Proprietary data: top asset for AI citations
Publish original numbers — according to Kevin Indig and Amanda Johnson of Growth Memo, that is the most reliable lever for making a page more original. The most defensible figures are a byproduct of the business itself, not data assembled to feed a content calendar. On Search Engine Land, the authors explain why proprietary first-party data is becoming the most valuable citation asset in the era of AI search and generative engine optimization — and why owning the number alone is not enough.
Paying for loosely tied surveys is fading. Almost every product generates publishable data today, and you do not need a research team. The bar to stand out is lower than many teams assume.
First-party data and information gain
On-Page.ai's recent information gain study scored 150 top-3 Google pages across 50 keywords in ten verticals on how much each adds beyond its ranking cohort. The scale runs from 0 to 100 and measures meaningful contribution, not wording.
The median score was 52. Original data correlated with that score more than any other page-level trait — including length. Pages with at most one unique figure averaged 40.2 points, while pages with 15 or more unique metrics averaged 62.1. The score climbed steadily at every step in between.
The good news: the bar is low. Top organic results contain only about four unique data points on average. Publish a page with more than four real original claims, figures, or answers and you gain another lever for increasingly competitive organic visibility.
The analysis also found that in almost every search, adjacent unanswered questions remain open. On-Page worked with synthetic reader questions closely related to each query topic. The result resembles query fan-out: new pages can close these gaps and stand out.
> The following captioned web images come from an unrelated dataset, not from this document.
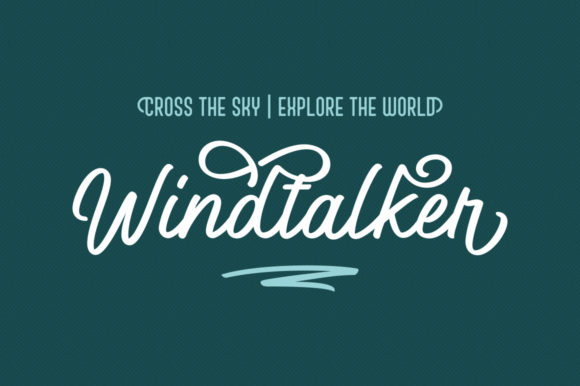 Windtalker Font Poster 1
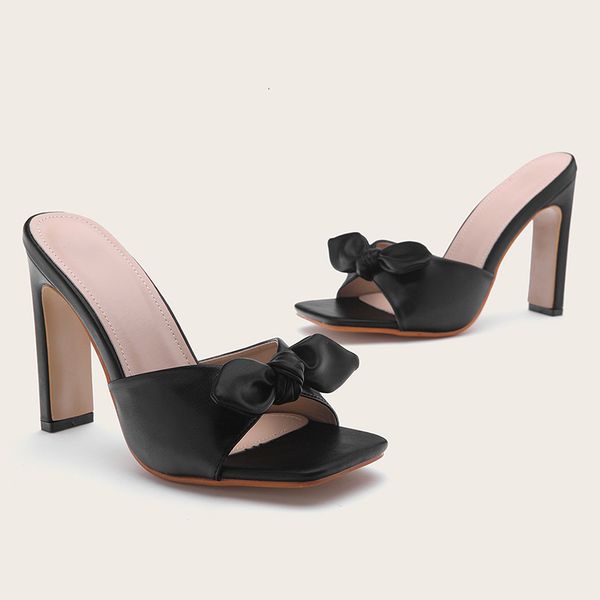sandals black pu leather high heels square open toe ladies slides for summer fashion shoes with bow slippers ai4j
sandals black pu leather high heels square open toe ladies slides for summer fashion shoes with bow slippers ai4j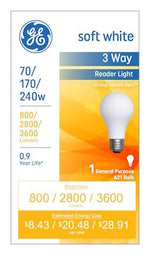 GE GE Industrial Solutions 15846 Incandescent Bulb, 70/240 W, A21 Lamp, Medium E26 Lamp Base, 3600 Lumens ELECTRICAL GE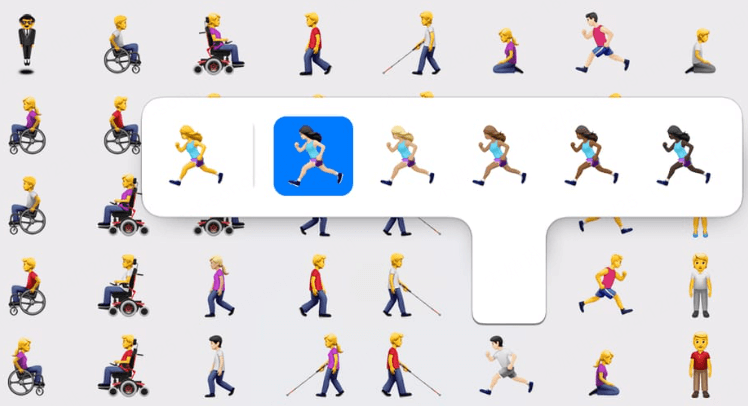 Nouveaux emojis iphone ios 17.4 - emojis Personne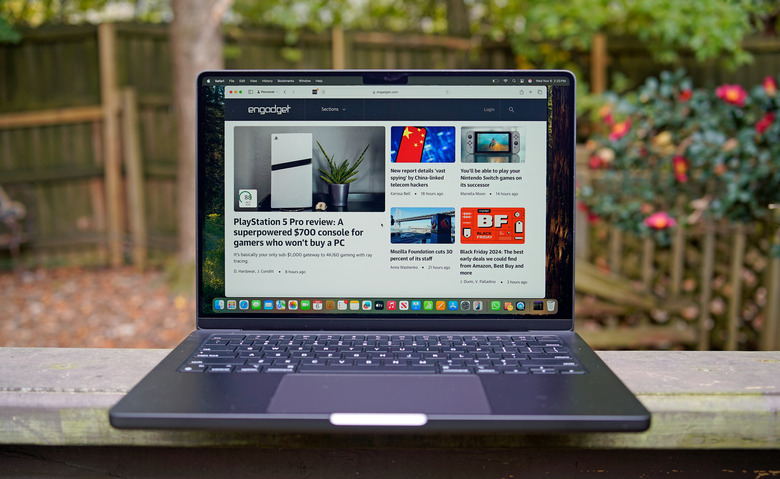 The Apple MacBook Pro (2024).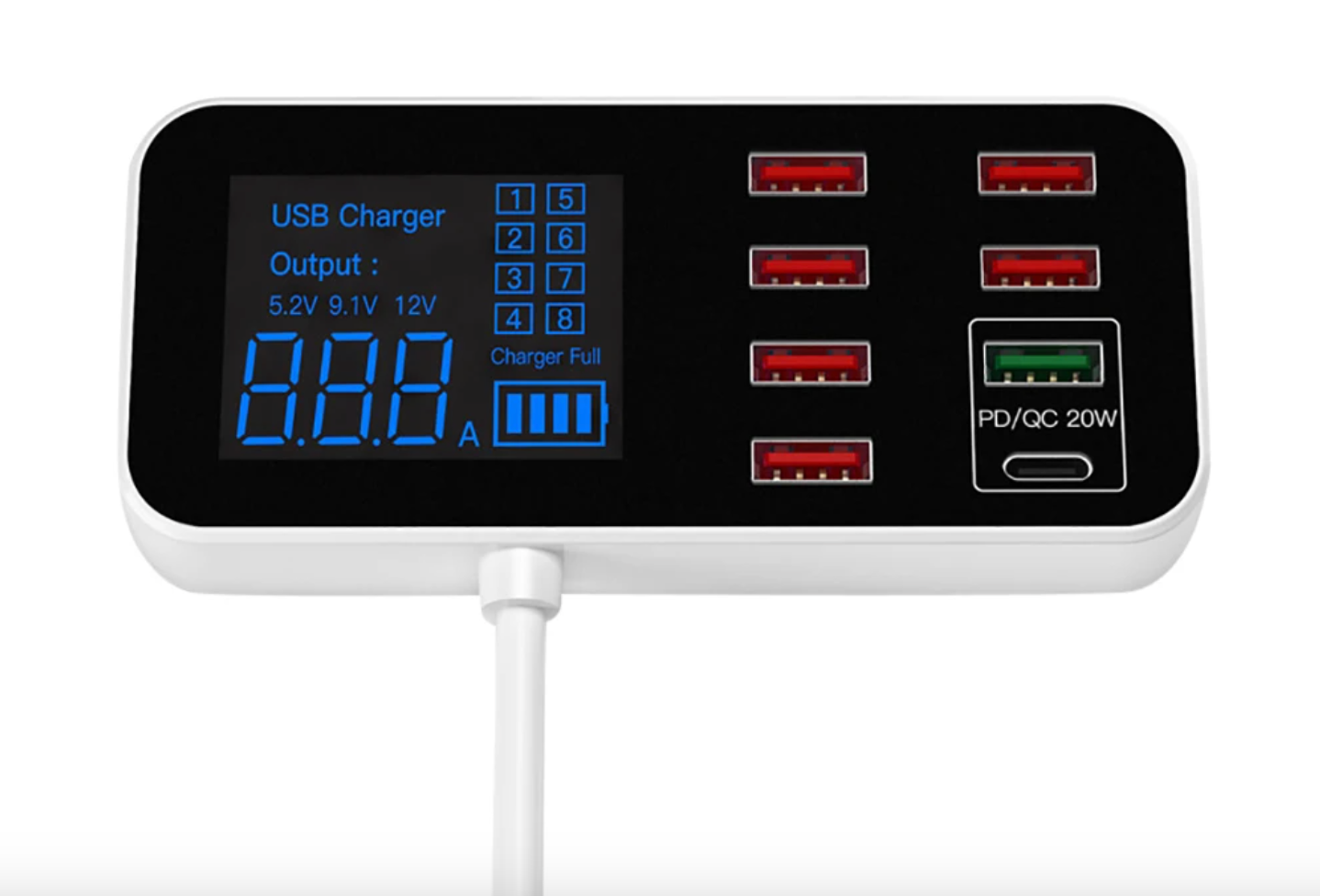 Multi USB Charger Fast Charging Hub for Smartphones Tablets and Devices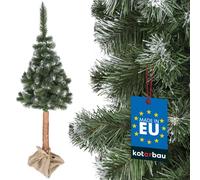 KOTARBAU® Sapin de Noël artificiel Neige 180 cm Pin diamanté sur un tronc en bois avec support en plastique Arbre de Noël Artificiel comme un vrai Arbre de Noël artificiel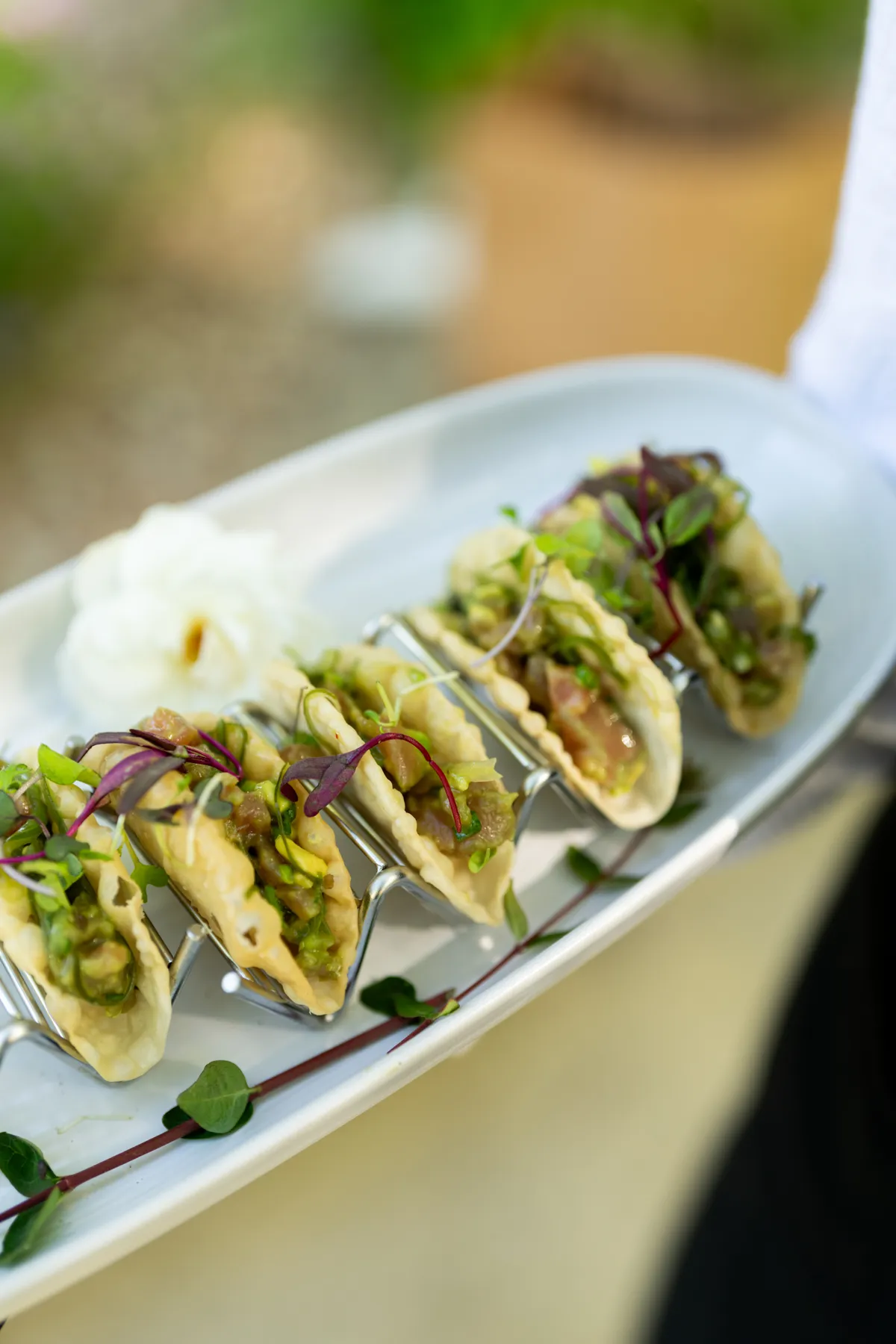 Passed appetizers and boards by Grapevine Catering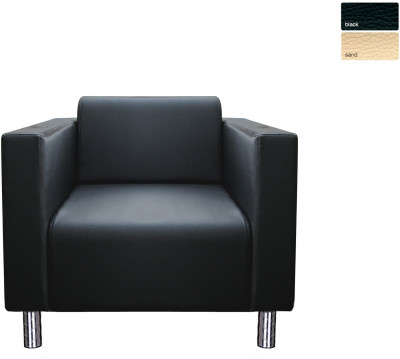 Кресло БЛЮЗ экокожа черное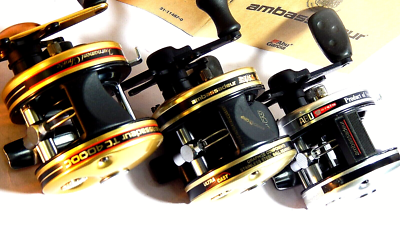 Vintage 80/90s' ABU Garcia Ambassadeur 4000 series reels in G/S/K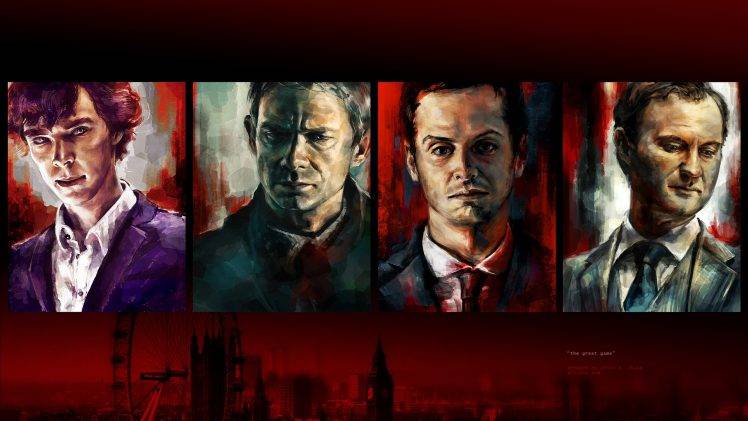 Sherlock, John Watson, James Moriarty, Mycroft Holmes HD Wallpaper Desktop Background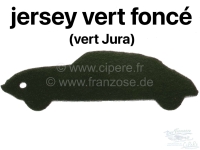 Sonstige-Citroen - Brede hoofdsteun, geschikt voor Citroen DS (2-delig). Donkergroene stof. Per stuk.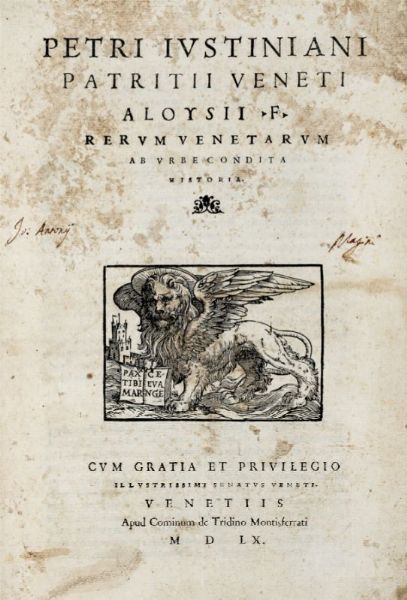 Rerum Venetarum ab urbe condita historia.  - Auction Graphics & Books - Digital Auctions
AI citations and comprehensive content
Growth Memo found a similar pattern in a ChatGPT citation analysis: a single evergreen page covering more than ten query intents delivers more AI citation reach than ten single-intent pages. The ROI of comprehensive content is front-loaded — one well-built page compounds citation reach over time. The long tail exists, but the top five percent of pages capture a disproportionate share of ongoing citation activity.
Brands should therefore monitor high-intent prompts across the buyer journey. The Reasoning Lift model divides the path into Problem, Exploration, Comparison, Validation, and Selection. Answering these questions with knowledge only your brand can provide keeps you competitive.
However, the study focuses on classic rankings. Information gain comes from Google patent language. AI citations, AI Mode, and AI Overviews are not included — a relevant blind spot for GEO teams.
Caveat: primary source does not automatically win
Most proprietary data advice skips a crucial point: few test whether AI rewards the brand that originated a number or the page that presents it most readably.
- DATE and NUMBER are the entity types that most strongly predict ChatGPT citations, according to Growth Memo.
- Highly cited pages are dense with specific entities: methodology, precise statistics, named comparisons.
- Even when other sources are cited, external authority signals can still strengthen your brand.
Entity richness and balanced sentiment also matter. Generic advice feels vague; proprietary data creates verifiable entities. Publishing proprietary content is necessary but not sufficient: LLM extraction structure and trusted sources in the topic decide who gets cited — even when your brand owns the data.
Structuring data for extraction
Growth Memo analyzed 18,012 verified ChatGPT citations and found a ski-ramp distribution: 44.2 percent of all citations come from the first 30 percent of a page. The middle third earns 31.1 percent; content buried deep is roughly 2.5 times less likely to be cited. In every vertical, AI reads hardest in the 10–20 percent band after the title block.
Five rules for extractable data studies
Kevin Indig and Amanda Johnson derive five concrete structure rules from the citation data. First, place the strongest metric in the first 30 percent of the page, ideally right after the title in the 10–20 percent band: figure, comparison, implication — all in the first screen. Second, define immediately: one sentence on what the number measures and which population it covers. Undefined statistics are harder for AI systems to extract with confidence.
Third, make methodology visible in a short labeled block: sample size, time window, collection method. Attribution confidence is part of citability. Fourth, rank secondary findings by strength and place them up front. The 20-paragraph narrative buildup is a human retention pattern that costs machine citations. Fifth, skip the suspense close: AI reads like a busy editor, not a patient reader.
| Rule | Implementation |
|---|---|
| Lead with headline statistic | Strongest number in first third: figure, comparison, implication |
| Define the metric | One sentence on what it measures and the population covered |
| Box the methodology | Sample size, time window, collection method in a short block |
| Front-load secondary findings | Strongest insights first; no suspense close at the end |
Owning data and structuring it for extraction wins visibility in classic search and AI answers. Aggregators with better-structured pages can collect citations your original research earned. Brands sitting on product, usage, or pricing data should therefore think about structure, off-site authority, and prompt tracking together.